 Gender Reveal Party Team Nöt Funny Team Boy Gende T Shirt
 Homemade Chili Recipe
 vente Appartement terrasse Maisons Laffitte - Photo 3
==
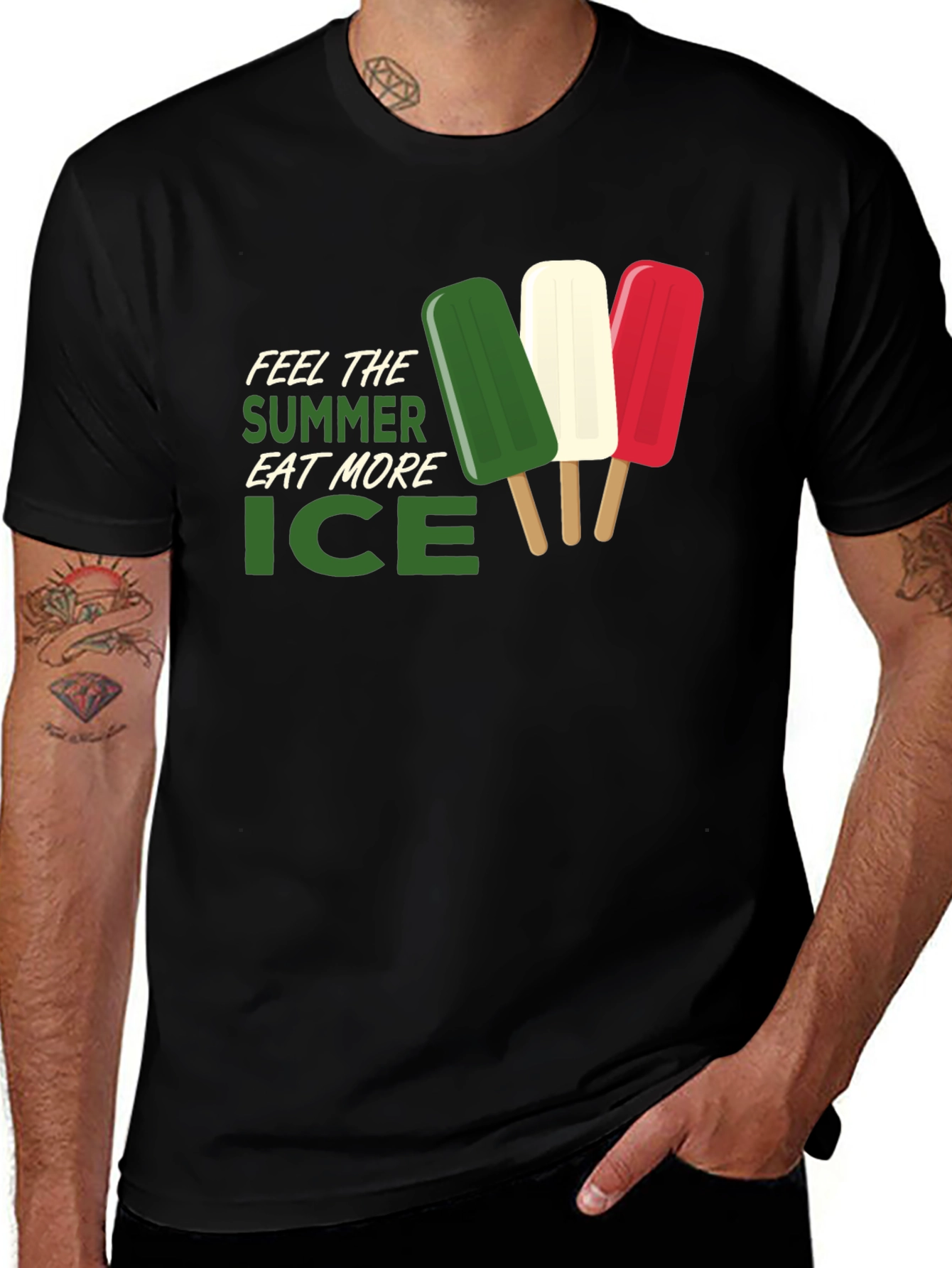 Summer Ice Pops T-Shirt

> **EXERCISE DETAILS**: Out of the listing above, reproduce exactly the lines from the one with "Gender Reveal Party" up to and including the one with "vente Appartement terrasse".

> **FINISHED TASK**:
 Gender Reveal Party Team Nöt Funny Team Boy Gende T Shirt
 Homemade Chili Recipe
 vente Appartement terrasse Maisons Laffitte - Photo 3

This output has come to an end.